A daily bulletin of news & opinion

27 February 2011

Muammar Gaddafi’s bloody crackdown against protesters challenging his 42-year rule has received sharp rebuke from world leaders since the uprising began, with many pushing for sanctions against Libya and others moving to freeze the Colonel’s overseas assets. One head of state noticeably slow to join the chorus of condemnation has been Italy’s Silvio Berlusconi. The media mogul turned prime minister finds himself in a corner. In the early days of the revolt, Berlusconi said he didn’t want to “disturb” Gaddafi, who has in the past been referred to as a “friend” – the dictator reportedly gave Berlusconi the idea for his infamous “bunga bunga” sex parties that now see Il Cavaliere facing trial in Milan on charges of paying a minor for sex.

Over the years Berlusconi has actively courted his Libyan counterpart, allowing him to pitch a Bedouin tent in a Roman park last year during a state visit where Gaddafi found time to meet with hundreds of Italian women hired from escort agencies in order to discuss their conversion to Islam. Culture exchange aside, commercial ties were the main reason the two leaders held talks – Italy gets roughly 25 per cent of its crude oil from the North African nation.

Indeed, few countries have as much at stake in Libya as Italy.
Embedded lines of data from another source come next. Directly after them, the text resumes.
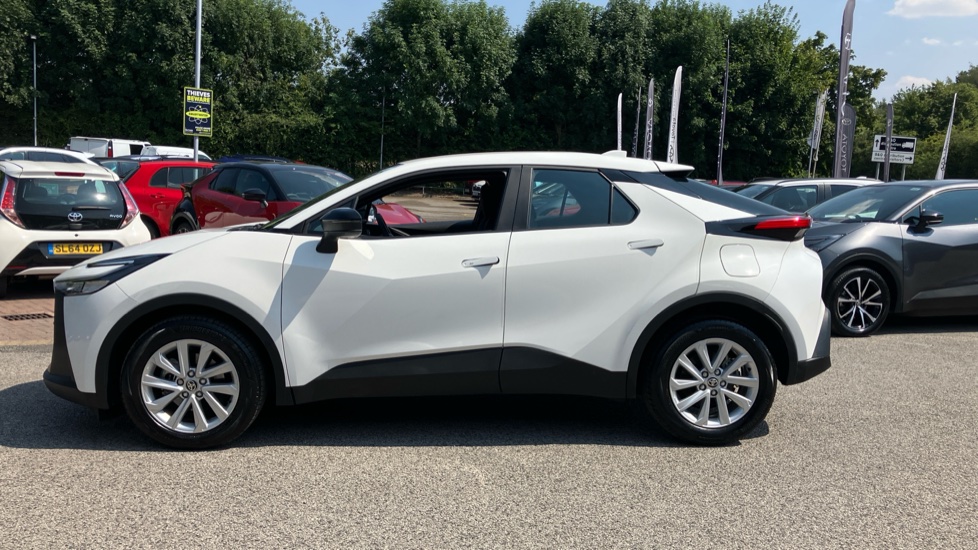 Toyota C-HR 1.8 Hybrid Icon 5dr CVT Hybrid Hatchback - Image 24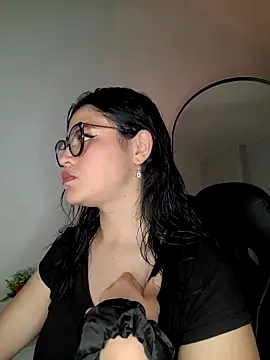 Snapshot of Dakhota_Rouge chatting on 2, 6, 2026 Dakhota Rouge online show from 2, 6, 2026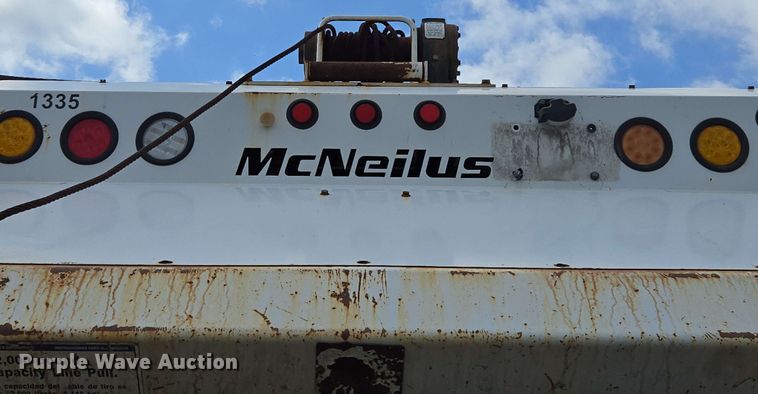 image for item EJ8732 2013 Freightliner Business Class M2 refuse truck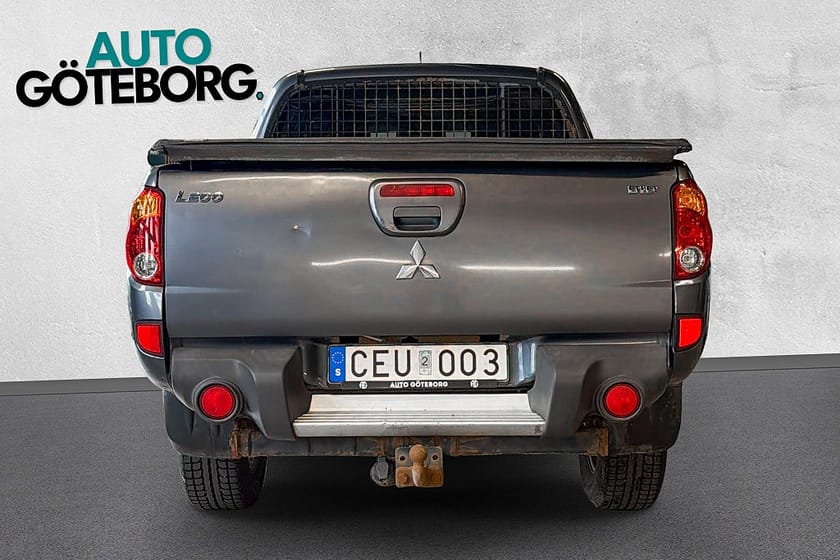 Bild 5 av Mitsubishi L200 Dubbelhytt 2.5 4x4 1-Ägare Välservad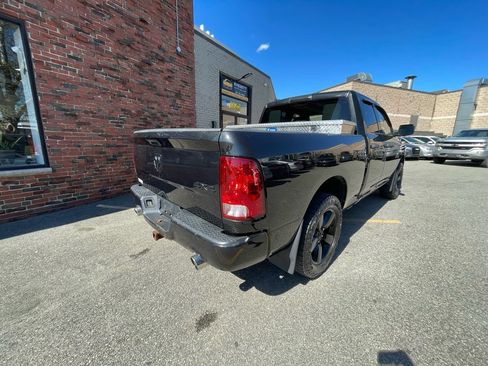 Used 2016 RAM 1500 Express w/ Black Ram 1500 Express Group AWD/4WD image 4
In 2008, Berlusconi signed a friendship treaty with Gaddafi in Benghazi, an agreement that saw Italy pledge $5bn (€4bn) in investments in Libya over a 20-year period to make amends for its colonial occupation of its neighbour. In return for infrastructure projects, such as a 1,700km coastal highway, Libyan sovereign wealth funds have boosted their stakes in Italian companies such as UniCredit, the country’s biggest bank.

Gaddafi also guaranteed that boatloads of migrants, many refugees from wars in the Horn of Africa, would be prevented from reaching Lampedusa, the Italian outpost 100km off the continent’s coast that is a popular destination for asylum seekers hoping to gain entry into the EU.

Recent fighting across Libya has raised fears in the Bel Paese. This week an outage at Milan’s stock exchange was rumoured to be linked to jitters over Italian stocks exposed to the unrest – energy company Eni’s Greenstream pipeline, which pumps Libyan natural gas to Sicily, has experienced a slowdown; prices at petrol stations have also spiked in recent days.

Many more worry of a repeat of the Albanian exodus 20 years ago, when thousands crammed into rotten boats to cross the Adriatic after the fall of the communist regime. Franco Frattini, Italy’s foreign minister, estimates up to 300,000 refugees could arrive. Help from Brussels has been limited to €25m and a team of specialists from Frontex, the EU border patrol agency. For now, Berlusconi’s Italy, like Gadaffi, is alone.